Running commands locally is pretty easy as we can just spawn a process to list files, etc.

How do we solve this in your remote environment?

Our first approach to getting the edit buffer in the remote environment (docker or SSH) was to install our shell integrations in the remote environment. Since you have Fig installed on the host machine, the local shell still has a pseudoterminal, which means that if we wrap the remote prompts with the same escape sequences we can still annotate the screen and grab the edit buffer. This works well in simple cases, but unfortunately falls apart when tools like tmux are used in the remote environment. This is a very, very common workflow in SSH environments. These tools add other characters like pane dividers to the screen that that local pseudoterminal can't correctly annotate and we end up with garbage text in the edit buffer.

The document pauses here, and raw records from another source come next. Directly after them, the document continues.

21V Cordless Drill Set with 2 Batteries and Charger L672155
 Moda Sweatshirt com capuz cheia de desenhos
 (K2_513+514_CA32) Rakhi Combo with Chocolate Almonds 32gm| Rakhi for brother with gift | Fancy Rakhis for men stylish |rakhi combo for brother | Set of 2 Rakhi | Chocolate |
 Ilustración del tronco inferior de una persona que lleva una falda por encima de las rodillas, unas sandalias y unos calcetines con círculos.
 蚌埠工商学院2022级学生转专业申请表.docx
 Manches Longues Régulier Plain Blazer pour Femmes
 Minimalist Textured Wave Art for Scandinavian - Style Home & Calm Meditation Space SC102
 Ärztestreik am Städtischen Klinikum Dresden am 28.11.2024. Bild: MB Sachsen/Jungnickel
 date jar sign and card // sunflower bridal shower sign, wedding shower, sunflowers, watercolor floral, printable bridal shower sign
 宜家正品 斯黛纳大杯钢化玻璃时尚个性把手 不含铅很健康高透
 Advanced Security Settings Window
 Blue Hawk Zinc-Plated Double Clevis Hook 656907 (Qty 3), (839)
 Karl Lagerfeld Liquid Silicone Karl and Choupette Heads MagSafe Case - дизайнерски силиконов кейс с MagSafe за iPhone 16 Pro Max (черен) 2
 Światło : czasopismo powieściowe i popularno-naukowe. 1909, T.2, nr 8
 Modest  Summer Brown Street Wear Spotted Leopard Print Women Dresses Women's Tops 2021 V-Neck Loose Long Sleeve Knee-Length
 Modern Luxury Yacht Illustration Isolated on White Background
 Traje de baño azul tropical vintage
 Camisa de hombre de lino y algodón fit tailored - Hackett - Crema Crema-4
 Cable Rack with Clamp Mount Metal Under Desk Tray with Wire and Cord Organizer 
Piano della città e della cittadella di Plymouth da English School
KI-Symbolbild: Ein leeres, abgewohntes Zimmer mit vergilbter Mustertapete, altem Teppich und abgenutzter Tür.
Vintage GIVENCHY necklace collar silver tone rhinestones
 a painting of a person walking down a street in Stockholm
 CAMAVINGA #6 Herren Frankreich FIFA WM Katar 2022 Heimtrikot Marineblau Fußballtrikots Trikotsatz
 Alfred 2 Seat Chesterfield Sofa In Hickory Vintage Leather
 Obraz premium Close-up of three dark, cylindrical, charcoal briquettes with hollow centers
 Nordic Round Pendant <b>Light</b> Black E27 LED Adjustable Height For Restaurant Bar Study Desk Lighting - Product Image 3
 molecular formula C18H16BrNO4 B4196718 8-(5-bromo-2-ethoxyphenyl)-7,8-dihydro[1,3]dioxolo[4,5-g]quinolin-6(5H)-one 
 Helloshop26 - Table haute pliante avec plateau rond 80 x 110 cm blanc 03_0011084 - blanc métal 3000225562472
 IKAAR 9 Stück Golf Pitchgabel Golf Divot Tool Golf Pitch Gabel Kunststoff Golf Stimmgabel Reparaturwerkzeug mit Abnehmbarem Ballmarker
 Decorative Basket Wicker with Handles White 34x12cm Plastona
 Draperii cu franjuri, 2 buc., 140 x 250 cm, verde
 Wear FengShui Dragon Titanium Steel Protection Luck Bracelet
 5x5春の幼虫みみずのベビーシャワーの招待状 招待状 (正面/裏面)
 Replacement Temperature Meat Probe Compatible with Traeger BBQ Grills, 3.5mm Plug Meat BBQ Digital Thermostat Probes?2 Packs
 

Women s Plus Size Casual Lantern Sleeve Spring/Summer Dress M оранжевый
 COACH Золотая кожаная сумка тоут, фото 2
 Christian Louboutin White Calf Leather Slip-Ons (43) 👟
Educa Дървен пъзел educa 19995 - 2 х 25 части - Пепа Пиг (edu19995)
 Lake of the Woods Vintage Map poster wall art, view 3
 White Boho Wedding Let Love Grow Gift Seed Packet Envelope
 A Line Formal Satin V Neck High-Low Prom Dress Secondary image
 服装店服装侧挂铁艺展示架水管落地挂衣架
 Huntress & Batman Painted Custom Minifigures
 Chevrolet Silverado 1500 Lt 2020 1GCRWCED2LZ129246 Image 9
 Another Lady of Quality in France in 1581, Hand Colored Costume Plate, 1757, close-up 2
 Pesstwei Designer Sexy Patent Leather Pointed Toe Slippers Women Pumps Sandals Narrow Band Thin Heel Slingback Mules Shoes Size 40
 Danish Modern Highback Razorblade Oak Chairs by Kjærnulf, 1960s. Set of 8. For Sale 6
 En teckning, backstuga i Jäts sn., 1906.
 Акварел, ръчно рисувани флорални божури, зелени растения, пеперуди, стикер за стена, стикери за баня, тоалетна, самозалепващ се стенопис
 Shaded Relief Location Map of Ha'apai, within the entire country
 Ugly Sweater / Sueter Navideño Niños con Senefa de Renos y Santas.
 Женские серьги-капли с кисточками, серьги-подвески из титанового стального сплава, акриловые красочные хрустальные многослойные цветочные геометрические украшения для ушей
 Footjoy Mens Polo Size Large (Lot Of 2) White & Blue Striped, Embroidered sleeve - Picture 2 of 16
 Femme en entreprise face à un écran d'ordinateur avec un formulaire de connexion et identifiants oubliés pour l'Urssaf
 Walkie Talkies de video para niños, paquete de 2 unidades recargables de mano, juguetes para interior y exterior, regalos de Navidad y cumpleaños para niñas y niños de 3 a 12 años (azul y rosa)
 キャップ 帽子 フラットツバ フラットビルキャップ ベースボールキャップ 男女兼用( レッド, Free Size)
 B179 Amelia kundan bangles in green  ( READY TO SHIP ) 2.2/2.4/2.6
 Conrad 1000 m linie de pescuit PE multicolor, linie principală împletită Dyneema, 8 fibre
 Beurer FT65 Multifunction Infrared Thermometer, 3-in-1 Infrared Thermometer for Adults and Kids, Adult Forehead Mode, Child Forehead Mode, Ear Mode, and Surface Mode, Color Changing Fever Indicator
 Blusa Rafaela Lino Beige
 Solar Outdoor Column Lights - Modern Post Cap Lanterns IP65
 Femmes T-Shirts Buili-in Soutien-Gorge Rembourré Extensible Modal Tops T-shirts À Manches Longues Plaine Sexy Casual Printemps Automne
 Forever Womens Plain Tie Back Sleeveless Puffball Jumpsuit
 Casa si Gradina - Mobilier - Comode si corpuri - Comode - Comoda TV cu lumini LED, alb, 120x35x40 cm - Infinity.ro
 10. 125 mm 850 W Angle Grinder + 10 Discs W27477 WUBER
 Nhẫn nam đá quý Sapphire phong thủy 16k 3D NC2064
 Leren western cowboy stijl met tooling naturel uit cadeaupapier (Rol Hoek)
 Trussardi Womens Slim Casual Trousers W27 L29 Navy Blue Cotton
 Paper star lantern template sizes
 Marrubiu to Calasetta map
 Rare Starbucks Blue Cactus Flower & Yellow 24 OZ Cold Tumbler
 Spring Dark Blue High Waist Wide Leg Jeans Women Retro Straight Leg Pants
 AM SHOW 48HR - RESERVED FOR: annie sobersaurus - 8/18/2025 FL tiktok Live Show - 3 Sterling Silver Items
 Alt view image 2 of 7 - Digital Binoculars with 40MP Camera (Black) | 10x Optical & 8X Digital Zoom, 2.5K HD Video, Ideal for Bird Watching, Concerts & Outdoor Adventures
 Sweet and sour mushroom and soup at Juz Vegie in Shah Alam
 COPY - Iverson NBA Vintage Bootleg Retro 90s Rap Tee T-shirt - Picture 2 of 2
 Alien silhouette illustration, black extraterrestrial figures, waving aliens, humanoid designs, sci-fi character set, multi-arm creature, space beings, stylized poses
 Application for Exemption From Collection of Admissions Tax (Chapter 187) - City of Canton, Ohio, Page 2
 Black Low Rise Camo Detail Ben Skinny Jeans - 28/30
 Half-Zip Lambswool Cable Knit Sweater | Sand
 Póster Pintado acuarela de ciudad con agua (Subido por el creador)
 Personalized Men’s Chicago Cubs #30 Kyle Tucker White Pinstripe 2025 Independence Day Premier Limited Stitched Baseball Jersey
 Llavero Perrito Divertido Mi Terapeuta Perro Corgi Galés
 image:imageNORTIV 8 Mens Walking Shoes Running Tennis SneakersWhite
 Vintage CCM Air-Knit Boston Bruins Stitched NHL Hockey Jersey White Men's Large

To solve this issue, in the next few days we will be launching an even better version of SSH support that spawns a pseudoterminal in each shell on the remote machine as well and communicates the edit buffer via unix sockets with the host machine. In tools like tmux, then, there will be a nested pseudoterminal inside each pane and we won't have to worry about extraneous characters on the screen.

To run commands in an SSH environment we take advantage of SSH's built in connection multiplexing. With the SSH ControlMaster option, the host can reuse the original SSH network connection to initiate other SSH sessions to run commands on the remote machine. For docker environments, we simply use docker exec.